O olhar de um homem aquece e queima. O olhar molhado, angustiado de um homem que deseja uma mulher me lembra o olhar de um cão que meu pai teve, um dinamarquês enorme e preto, que de vez em quando sumia de casa e passava dias distante. Eu perguntava à empregada e ela dizia, a cadela do vizinho está no cio, então, ele fica lá, do lado de fora do portão, dias a fio, esperando, esperando. Não volta pra casa, não come, não dorme.
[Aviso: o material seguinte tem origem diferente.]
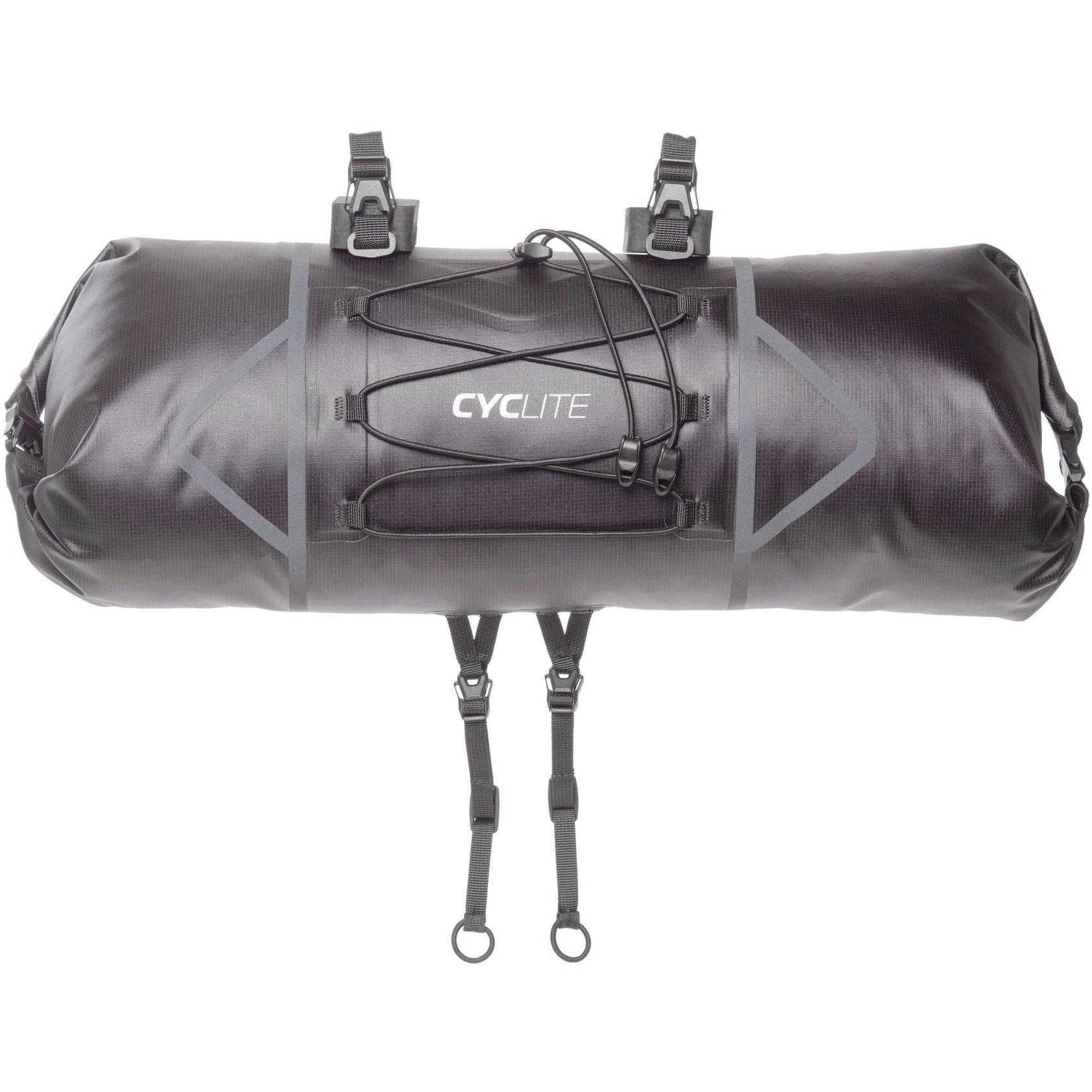 Productfoto van Cyclite Roll Bag Stuurtas 12,6L - Zwart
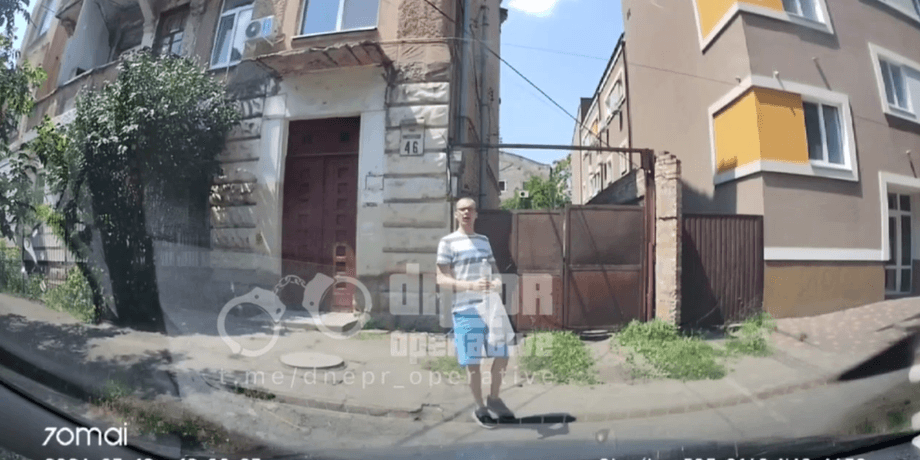днепр, улица антоновича, камера наблюдения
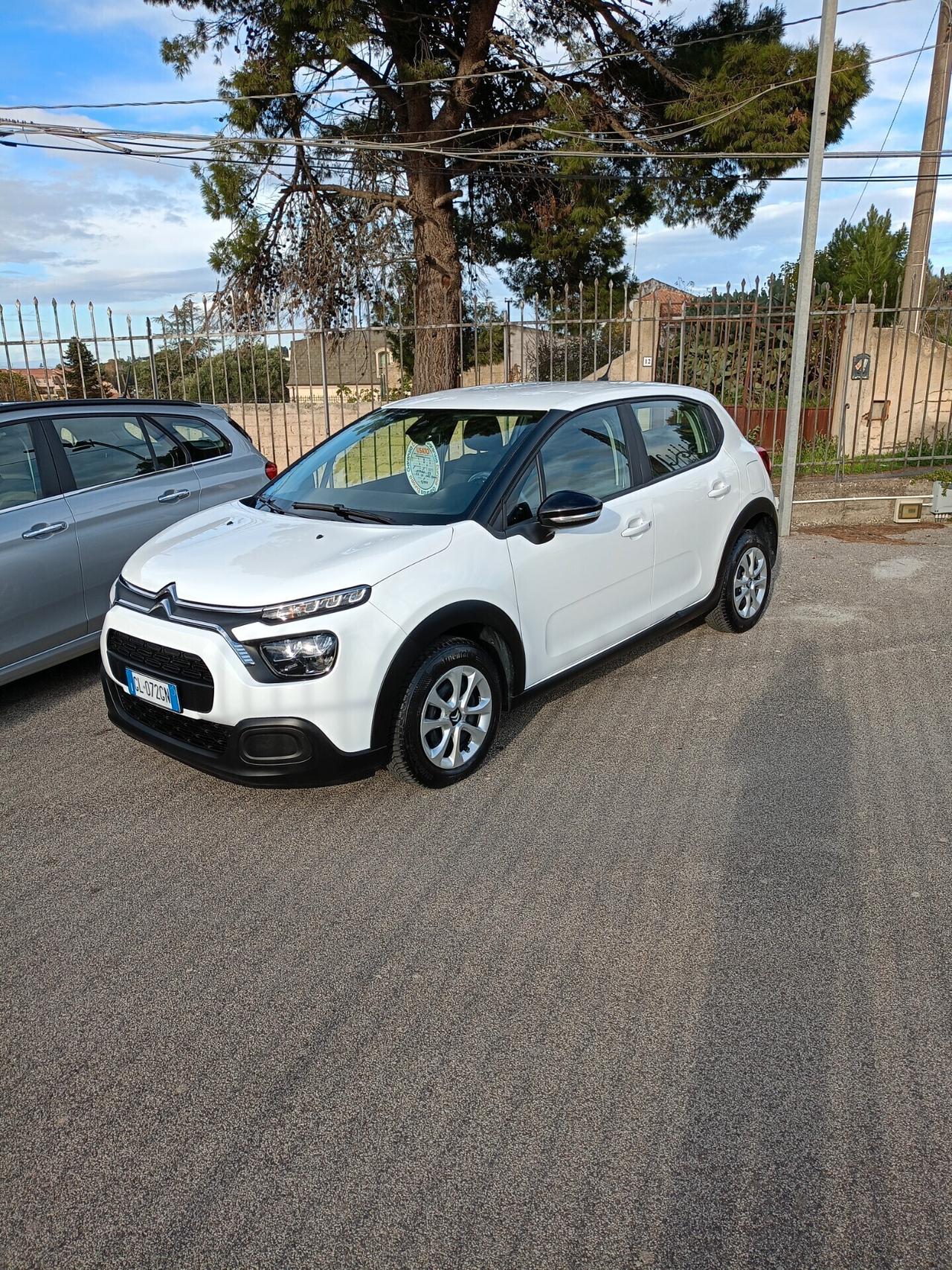 Citroen C3 1.5 BlueHDi 100 cv S&S Feel Pack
De fato, após uma semana o cão voltava magro, machucado pelas brigas com os concorrentes, e seu olhar era triste, molhado, sem consolo.
Outro dia, numa festa, tarde da noite, eu fui olhada por um homem que era mais jovem, não era bonito, nem estava bem vestido, mas seu olhar me aquecia e quase queimava. Eu estava rodeada de amigos, sem brecha pra ele se aproximar, e acho que não queria mesmo que se aproximasse. Mas ele me olhava, olhava. Certa hora, eu estava sentada, pernas cruzadas, mexendo distraidamente na fivela do sapato, e vi que ele olhava a minha mão. Então, ele levantou os olhos e nossos olhares se encontraram e eu fui queimada de leve, de raspão, mas foi bom, não doeu, não.
Vi esse homem uma única vez, é provável que nunca mais o veja, pois eu estava de passagem na cidade em que ele mora, mas não esqueço seu rosto, está claro e vívido na minha mente. Eu o evoco na hora em que quero para me sentir aquecida por aquele olhar urgente, molhado. Olhar que aquece e queima.
2 comentários:
Valéria querida,
estou em falta com você e com saudade. De vez em quando venho aqui ler seus textos e me encantar com esse seu talento para mim ainda desconhecido. Bela cronista (seria bloguista? rs) vc está se saindo. E... muito bom ter olhares que aquecem para nos lembrarmos. Beijo grande, C.